Here is another mistake I have made that you don’t have to: Never, ever, ever stay in a band for the supposed benefit of other members. If you want to go, if there are too many things out of sync as mentioned above, if it is time to move on, by all means do so. I have wasted a good three musical years sticking around bogus situations after I wanted to leave, because I thought it would help the other members. This line of thinking is egocentric and doesn’t do anyone any good. It just prolongs your agony. Believe me, if they want to continue their group, they will find another musician, and you can move on to other pastures, guilt-free.

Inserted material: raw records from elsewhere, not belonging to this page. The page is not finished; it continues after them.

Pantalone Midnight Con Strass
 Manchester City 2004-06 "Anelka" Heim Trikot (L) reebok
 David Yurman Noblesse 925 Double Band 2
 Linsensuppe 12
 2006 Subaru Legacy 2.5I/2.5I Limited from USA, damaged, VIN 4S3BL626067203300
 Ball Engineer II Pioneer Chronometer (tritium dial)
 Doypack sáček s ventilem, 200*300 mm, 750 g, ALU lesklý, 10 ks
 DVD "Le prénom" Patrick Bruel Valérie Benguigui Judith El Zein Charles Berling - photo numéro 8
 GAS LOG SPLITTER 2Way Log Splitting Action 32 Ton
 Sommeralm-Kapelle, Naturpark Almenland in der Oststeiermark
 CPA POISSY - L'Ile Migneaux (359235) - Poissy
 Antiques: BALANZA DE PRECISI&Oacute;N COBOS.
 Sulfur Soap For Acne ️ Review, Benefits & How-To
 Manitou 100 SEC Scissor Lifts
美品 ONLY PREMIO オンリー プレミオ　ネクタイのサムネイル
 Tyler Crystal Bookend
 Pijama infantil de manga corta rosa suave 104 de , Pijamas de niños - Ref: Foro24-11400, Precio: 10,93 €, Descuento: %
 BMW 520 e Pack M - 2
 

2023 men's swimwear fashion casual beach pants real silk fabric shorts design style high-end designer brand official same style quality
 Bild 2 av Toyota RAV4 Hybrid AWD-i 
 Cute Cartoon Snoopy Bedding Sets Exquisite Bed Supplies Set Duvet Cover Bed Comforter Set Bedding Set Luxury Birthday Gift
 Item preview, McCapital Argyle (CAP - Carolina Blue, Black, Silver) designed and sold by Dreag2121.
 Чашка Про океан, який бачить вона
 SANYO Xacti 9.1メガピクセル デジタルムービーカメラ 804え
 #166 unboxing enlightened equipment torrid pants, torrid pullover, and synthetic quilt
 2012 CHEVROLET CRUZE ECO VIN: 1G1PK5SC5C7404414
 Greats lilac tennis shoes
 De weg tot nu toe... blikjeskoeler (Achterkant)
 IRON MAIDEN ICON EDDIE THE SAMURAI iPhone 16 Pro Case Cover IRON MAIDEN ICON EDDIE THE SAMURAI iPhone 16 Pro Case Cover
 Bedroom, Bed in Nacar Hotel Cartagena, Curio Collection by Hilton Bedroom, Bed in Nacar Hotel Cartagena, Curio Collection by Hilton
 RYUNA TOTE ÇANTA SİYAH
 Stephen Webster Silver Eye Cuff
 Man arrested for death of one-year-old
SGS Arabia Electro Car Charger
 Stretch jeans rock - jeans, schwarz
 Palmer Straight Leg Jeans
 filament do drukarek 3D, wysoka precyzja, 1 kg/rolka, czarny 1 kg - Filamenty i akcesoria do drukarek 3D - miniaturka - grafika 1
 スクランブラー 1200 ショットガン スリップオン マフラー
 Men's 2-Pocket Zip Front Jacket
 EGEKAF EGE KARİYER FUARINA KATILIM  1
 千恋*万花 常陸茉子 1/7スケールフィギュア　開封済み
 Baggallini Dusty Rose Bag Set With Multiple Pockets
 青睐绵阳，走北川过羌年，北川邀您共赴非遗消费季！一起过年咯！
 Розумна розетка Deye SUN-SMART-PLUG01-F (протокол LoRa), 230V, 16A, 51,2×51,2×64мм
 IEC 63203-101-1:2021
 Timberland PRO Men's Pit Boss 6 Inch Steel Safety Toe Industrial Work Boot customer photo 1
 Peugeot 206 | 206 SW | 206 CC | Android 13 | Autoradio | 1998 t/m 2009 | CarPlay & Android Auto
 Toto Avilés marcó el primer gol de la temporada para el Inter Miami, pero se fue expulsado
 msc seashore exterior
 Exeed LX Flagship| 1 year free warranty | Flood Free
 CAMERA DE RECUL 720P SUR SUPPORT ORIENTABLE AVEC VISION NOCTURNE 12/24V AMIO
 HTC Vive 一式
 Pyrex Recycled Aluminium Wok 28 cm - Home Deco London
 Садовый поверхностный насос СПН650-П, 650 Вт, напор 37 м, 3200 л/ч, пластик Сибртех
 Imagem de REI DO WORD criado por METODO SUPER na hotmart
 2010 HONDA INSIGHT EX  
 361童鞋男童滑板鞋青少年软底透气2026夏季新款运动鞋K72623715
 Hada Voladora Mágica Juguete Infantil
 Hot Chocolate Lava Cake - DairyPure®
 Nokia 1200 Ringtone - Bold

Glass Cathedrals and Howitzers

We’ve all heard the dictum “people in glass houses shouldn’t throw stones”. I have had a toxic band experience where virtually everyone sniped incessantly behind the backs of others about each and every fault, real and perceived, both musical and personal. There was so much time spent going on endlessly about what bad people/musicians/whatever that the other musicians were that all positive energy in the band dissipated and blew away on the wind (and yes, you can bet that I contributed to this crap). Do yourself and your bandmates a favor. Follow the Buddhist principle of right speech (put simply, don’t say mean shit about others). The next time you are starting on a tirade about how your drummer can’t groove, put that energy toward analyzing where you can improve musically instead. I promise you that unless you are Dennis Chambers, Joey DeFrancesco, John Coltrane, Paul McCartney, or Jaco Pastorius, you have room for plenty of musical growth. The next time you start in on what an inflexible, arrogant prick your bass player is, think instead about the last time you said something mean or unwarranted instead. Unless you are Mahatma Gandhi, Mother Theresa, or Martin Luther King Jr, you have plenty of room for personal growth.

Going into Business with the Wrong People

In closing, I’d like to quote a dear friend and consummate musician who founded a successful gigging band, only to have it explode, destroying 20 year relationships along with it: Bands can’t work, because having a band is going into business with a bunch of people. And the people you have in a band you would never, ever go into business with.

All of these musings might sound pretty cynical, and the truth is that they are. But they come from hard fought experience. Bands can be extremely intense emotional experiences. They can challenge you to play your best, to do things you never thought of before, to rise to new musical heights and to bask in the glory of a cheering crowd. And they can also rake your psyche over the tortured coals of your bandmates’ personal hells. I hope that this treatise does not sound simply like sour grapes: I have learned, grown, and made great music with the bands I have led and been in over the years. But at times, the music has come at great personal cost. And to be clear, I have personally made every mistake in the book. In thinking this all out, however, I have developed some new strategies to help make future projects smoother, maximizing the music and the fun, while minimizing the nonsense. And so far, they are working well. I hope some of these principles help you out too.